◆ **What the task requires**
Return exactly, please, the lines from the one containing "comfrey herb - Symphytum officinaleの写真素材" to the last line of the entries below, and nothing else, leaving pictures out.

┏━━

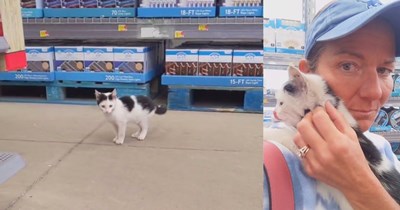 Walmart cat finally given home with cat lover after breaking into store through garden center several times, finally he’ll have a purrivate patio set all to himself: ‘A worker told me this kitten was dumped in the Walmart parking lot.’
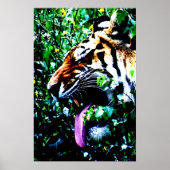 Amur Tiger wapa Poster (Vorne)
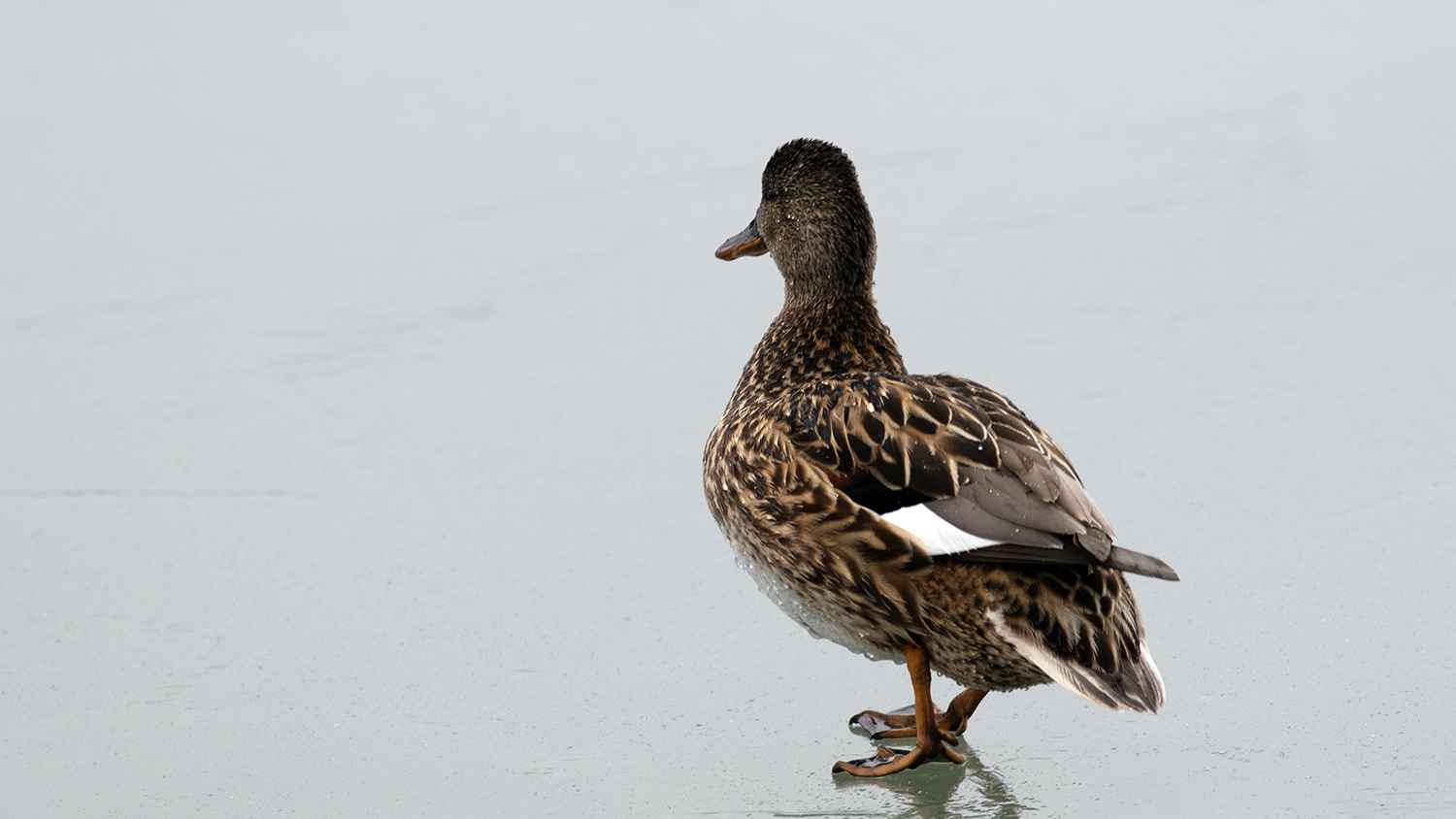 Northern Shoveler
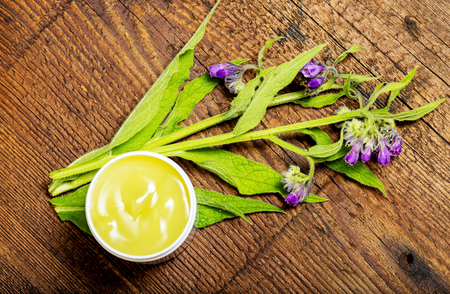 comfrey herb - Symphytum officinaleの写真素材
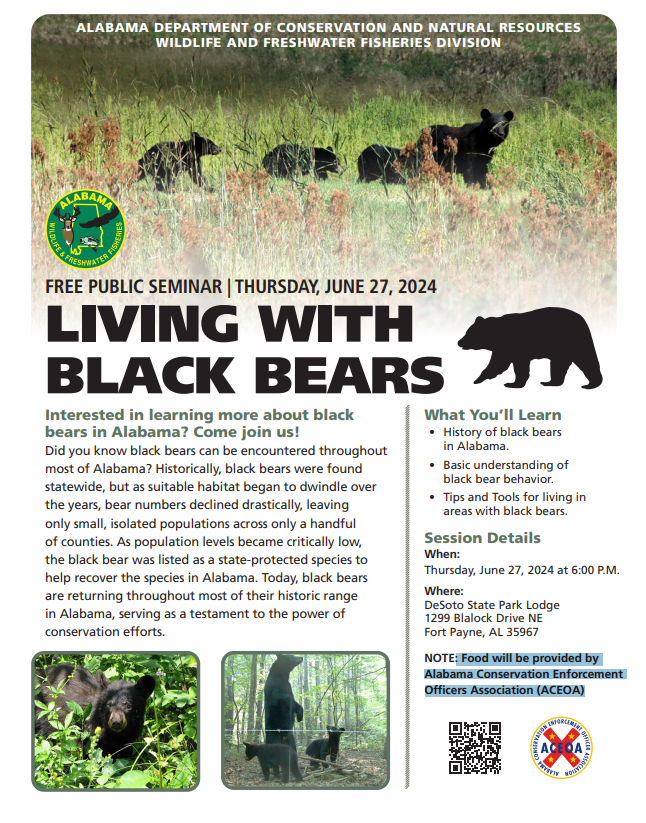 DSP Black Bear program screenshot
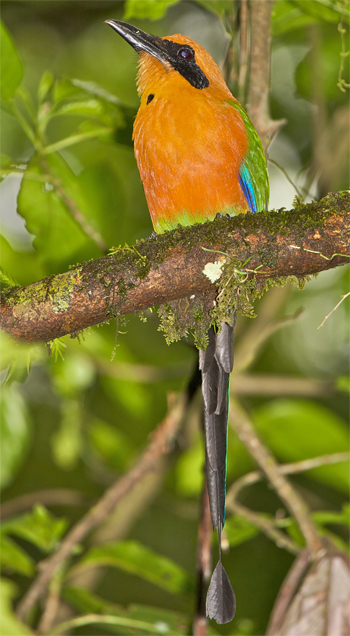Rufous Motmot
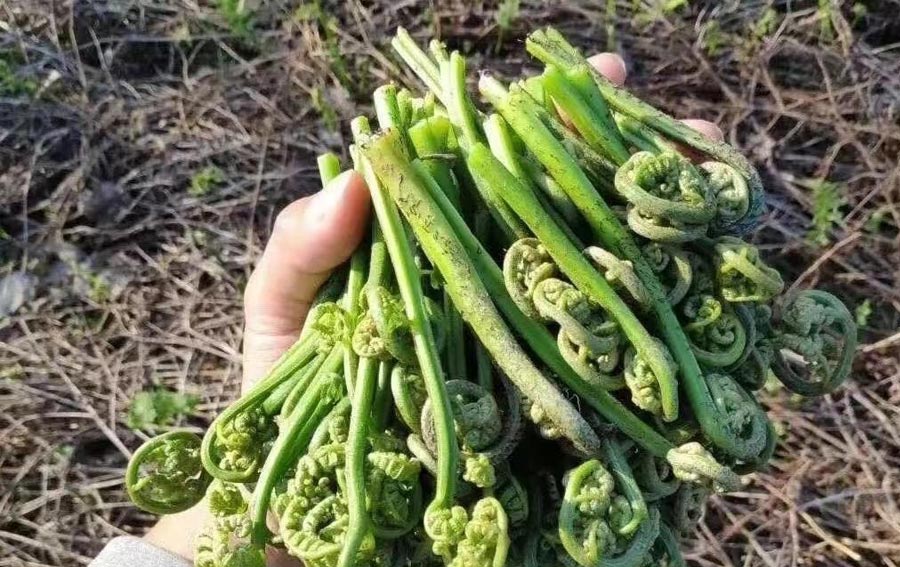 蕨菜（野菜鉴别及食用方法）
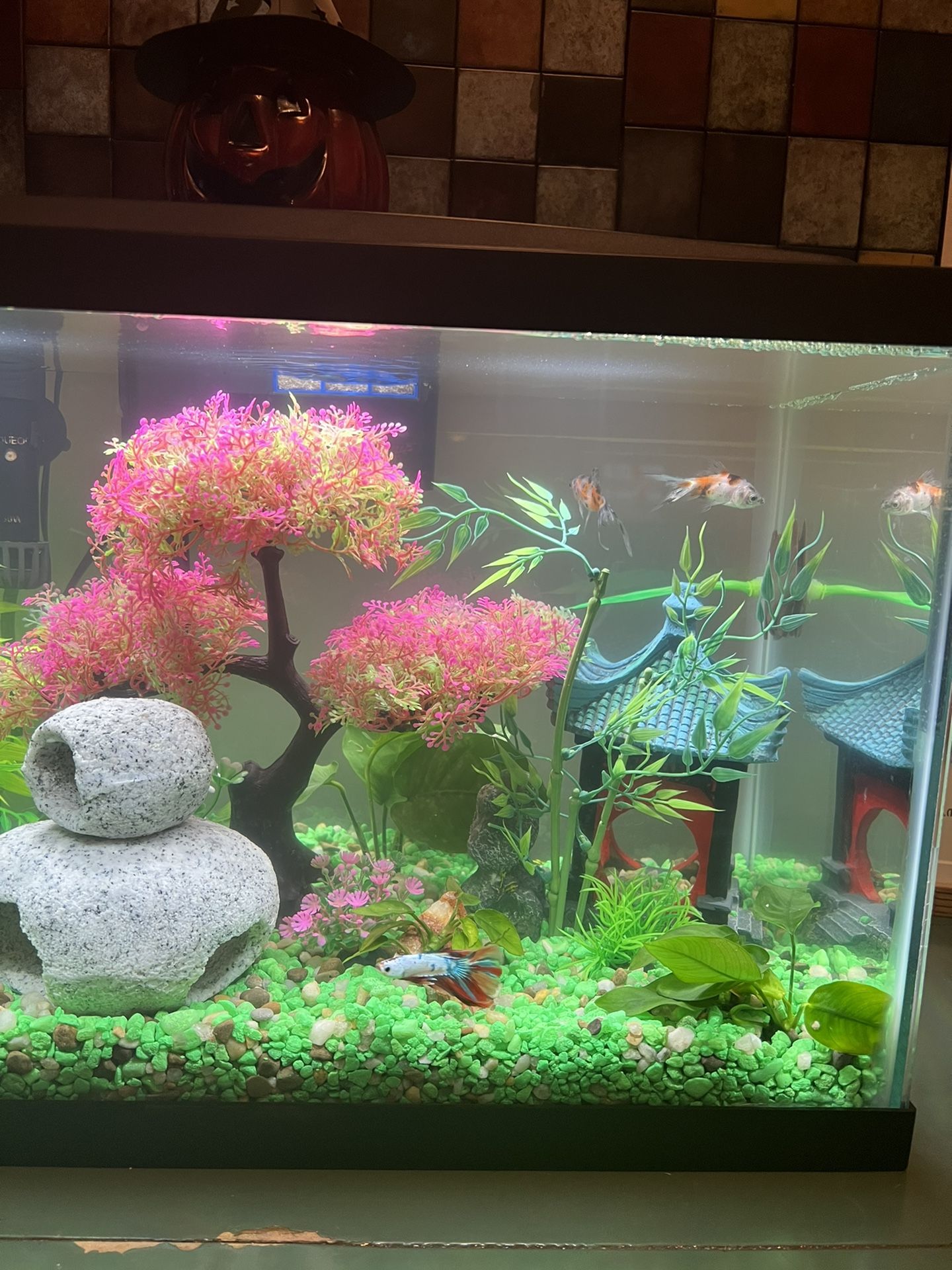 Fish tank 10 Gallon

┗━━

◆ **Result for this exercise**
 comfrey herb - Symphytum officinaleの写真素材
 DSP Black Bear program screenshot
Rufous Motmot
 蕨菜（野菜鉴别及食用方法）
 Fish tank 10 Gallon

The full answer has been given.